Para que se usarías el brazo, que precisión necesitas, que fuerza requerís, cuanto estas dispuesto a gastar y que ideas de electrónica tenes? Danos mas información para que podamos ayudarte.


----------



## tecnogirl (Mar 10, 2010)

Marck: Como una imagen dice mas que mil palabras, te recomiendo buscar en Youtube "robotic arm" y "brazo robotico" para que te veas cómo son y cómo operan los brazos roboticos.
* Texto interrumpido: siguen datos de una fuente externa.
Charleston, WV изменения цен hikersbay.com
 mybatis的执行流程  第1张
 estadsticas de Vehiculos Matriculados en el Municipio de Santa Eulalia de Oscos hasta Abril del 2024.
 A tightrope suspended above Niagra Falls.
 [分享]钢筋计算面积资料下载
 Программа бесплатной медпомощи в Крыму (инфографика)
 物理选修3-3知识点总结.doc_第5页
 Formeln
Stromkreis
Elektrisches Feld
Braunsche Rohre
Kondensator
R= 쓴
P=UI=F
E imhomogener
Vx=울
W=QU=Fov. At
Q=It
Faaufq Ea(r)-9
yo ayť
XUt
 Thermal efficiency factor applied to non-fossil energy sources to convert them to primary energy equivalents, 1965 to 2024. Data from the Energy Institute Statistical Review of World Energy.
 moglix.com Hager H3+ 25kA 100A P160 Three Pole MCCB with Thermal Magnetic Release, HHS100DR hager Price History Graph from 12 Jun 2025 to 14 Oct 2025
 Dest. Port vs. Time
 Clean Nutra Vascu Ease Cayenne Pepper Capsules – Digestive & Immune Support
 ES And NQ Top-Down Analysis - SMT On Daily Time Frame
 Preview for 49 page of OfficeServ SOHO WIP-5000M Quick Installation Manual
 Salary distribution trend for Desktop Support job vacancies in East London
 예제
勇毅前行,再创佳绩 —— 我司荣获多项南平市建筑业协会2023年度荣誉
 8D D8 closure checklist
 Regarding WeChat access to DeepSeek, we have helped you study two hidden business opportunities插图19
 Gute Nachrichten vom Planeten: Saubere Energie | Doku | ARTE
Saludos.


----------



## M.a.R.c.K (Mar 10, 2010)

bueno ya he visto videos de brazos posicionadores lo que quiero hacer es que mediante un pic (16f883) este programado para el movimiento de servos me parece que seian 3 los que utilizaria para antebazo pinzas y para que se pueda mover en 360º de donde este (no se que tipo de motores cuales me recomendarian) y que mediante un sensor detecte un objeto de cualquier color y entonces este lo recoja y lo ponga en cierto punto digamos una caja(que sensor me recomendarian) porque me dijieron que el cny70 me servia pero no se muy bien bueno esa es mi idea si me pudieran ayudar se los agradeceria gracias ahhh y en uanto a fuerza ps pudiera ser que lo maximo que levante serian 200gr....


----------



## tecnogirl (Mar 11, 2010)

Te dejo unos enlaces acerca de brazos roboticos "muy faciles" de hacer.
http://www.metacafe.com/watch/2064962/my_own_diy_robotic_arm/

http://www.diniro.net/fabbblog/2008/03/diy-how-to-build-a-robotic-arm.html

http://robotclothes.com/insideout/archives/2005/08/big_humanoid_ar.html

Puedes hallar mas en Google buscando "DIY robotic arm".

Saludos


----------



## ivan147007 (Mar 20, 2010)

esta buenazo te felicito


----------